The story of antique-bedecked Dunskey Estate begins in 1900 when the estate was purchased by Charles Lindsey Orr Ewing and his second wife, Lady Augusta Boyle. (Orr Ewing’s first marriage to The Honourable Beatrice Hore-Ruthven ended in divorce when her inconvenient habit of leaving spouses and offspring at the drop of a hat came to light - fascinatingly, it appears she may have been the inspiration for the Bolter in Nancy Mitford’s novels).
Charles’s father, Sir Archibald Orr Ewing, had made his fortune via the production of fabric treated with the famous Turkey red dye, exporting his dyed and printed cotton cloth to India. It was this industrial heritage that enabled his son to purchase Dunskey Estate and have Dunskey House built to Scottish architect James Kennedy Hunter’s design; though tragically Charles passed away just before the house was completed in 1903.

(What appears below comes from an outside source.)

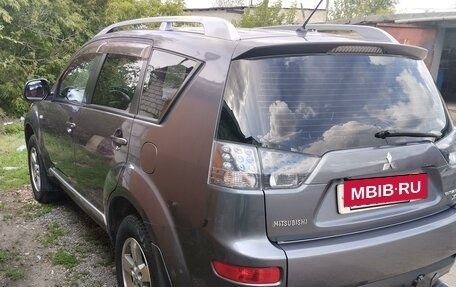 Mitsubishi Outlander III рестайлинг 3, 2007 год, 1 120 000 рублей, 3 фотография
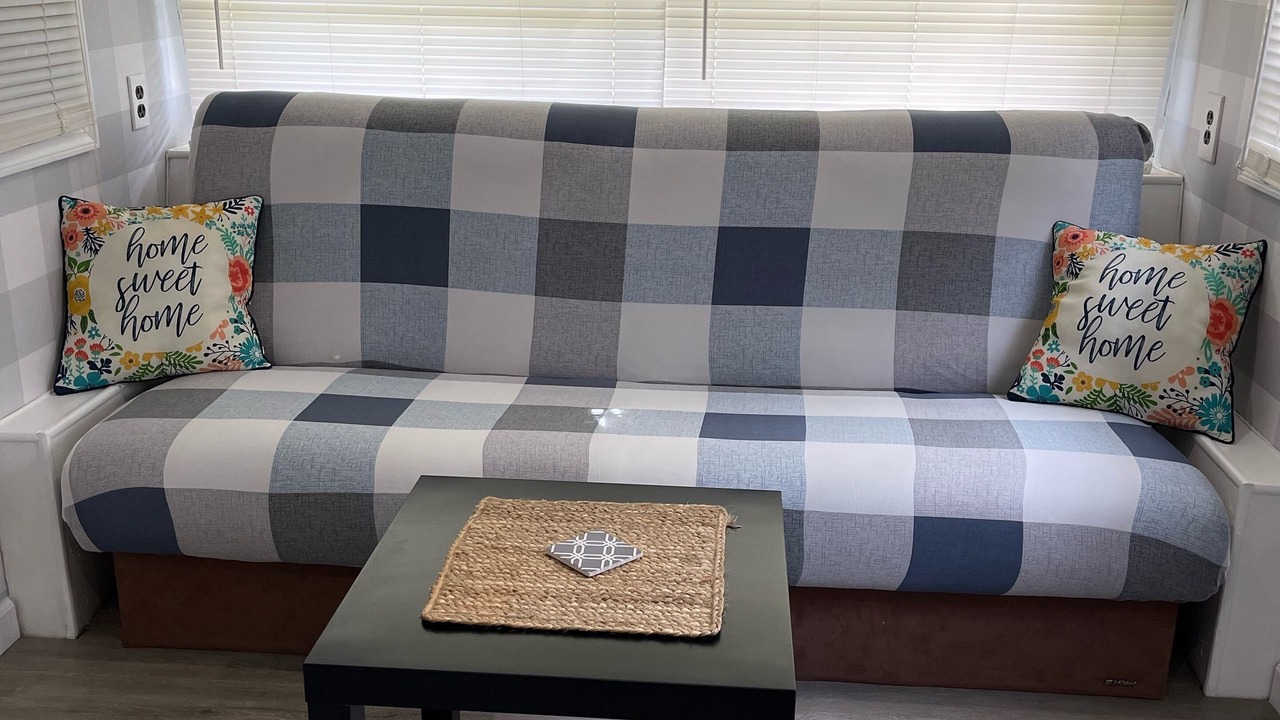 Photo of Livingroom in West Babylon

The estate came with a walled garden and glasshouses, and grew to include an electricity supply company for the local parish of Portpatrick. The village itself is a scenic ramble from Dunskey Estate and home to the Portpatrick Hotel, which hosted revellers who ventured here to enjoy the heyday of the Scottish Riviera. Although the ravages of the 20th century (two world wars, death duties and the closing of the train line) took their inevitable toll on the estate, the bones of what had been remained and - owing to the vision and passion of the current generation of Orr Ewings (our wonderful hosts Ali and Anne) in looking ahead to the estate’s future whilst preserving its past - Dunskey Estate is flourishing once more.
Delve further back in the estate's history and a tale of myth and wonder is revealed. Dunskey Castle was built in the early 1500s on a clifftop south-east of Portpatrick, overlooking the narrowest point of the storm-tossed Irish Sea, and on the foundations of an even older castle that had been burnt down in retaliation for the alleged murder of Dionysus of Hamilton by William Adair of Dunskey. Reputedly haunted by the ghost of a nursemaid who dropped her infant charge from one of the castle windows, it is thought to have been a ruin by the late 1600s. By then, Dunskey Estate was in the hands of the Reverend James Blair, the newly appointed minister for Portpatrick. The old castle was stripped of dressed stone and timber, which was incorporated into the first Dunskey House, located where Dunskey Estate now stands.
With a history of ghosts, tangled family fortunes and set in a gloriously elemental landscape, the current chapter is sure to continue the compelling story of this captivating, otherworldly estate.